Christmas Dec 25. A major holiday, with loads of people on the move and transport booked solid for weeks ahead. Gringo influence is heavy nowadays, with Santa Claus and Christmas trees, but the Mexican festival remains distinct in many ways, with a much stronger religious element (virtually every home has a Nativity crib). One of the more bizarre Christmas events takes place in Oaxaca, where there is a public display of Nativity cribs and other sculptures made of radishes.
Día de los Muertos
Día de los Muertos
If visitors know just one Mexican holiday, it’s probably the Day of the Dead, when families honour and remember those who have died. Actually taking place over two days, November 1 and 2, it’s an indigenous tradition unique to Mexico. With a few exceptions (such as the beautiful torch-lighting ceremony and festive dances around Lago de Pátzcuaro), it’s usually a private rite. In every home and many businesses people set up ofrendas (altars) for the deceased: the centrepiece is always a photograph, lit by candles. In addition to the photo, the person’s favourite foods are also placed on the altar, as a way of luring the soul back to this world. For the same reason, strong-scented, bright orange marigolds are often laid in a path leading to the altar, and resinous copal incense is lit.

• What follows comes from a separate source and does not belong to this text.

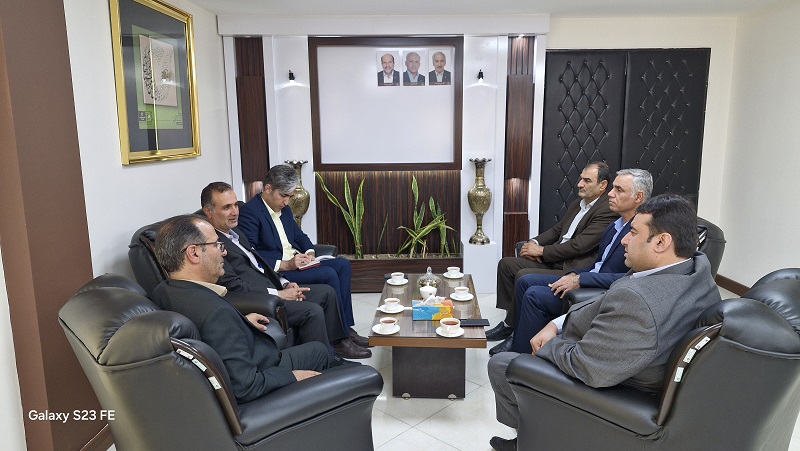 دیدار مدیرعامل شرکت آب و فاضلاب استان مرکزی با مدیر شعب بانک قرض الحسنه مهر ایران در استان مرکزی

On the streets, market stalls brim with eggy, orange-scented pan de muertos and colourfully iced sugar skulls. Families usually gather to eat dinner on the night of November 1, then visit gravesites, which are also cleaned and decorated. Far from being a sad time, the Day of the Dead is an occasion for telling funny stories, bonding with family and generally celebrating life.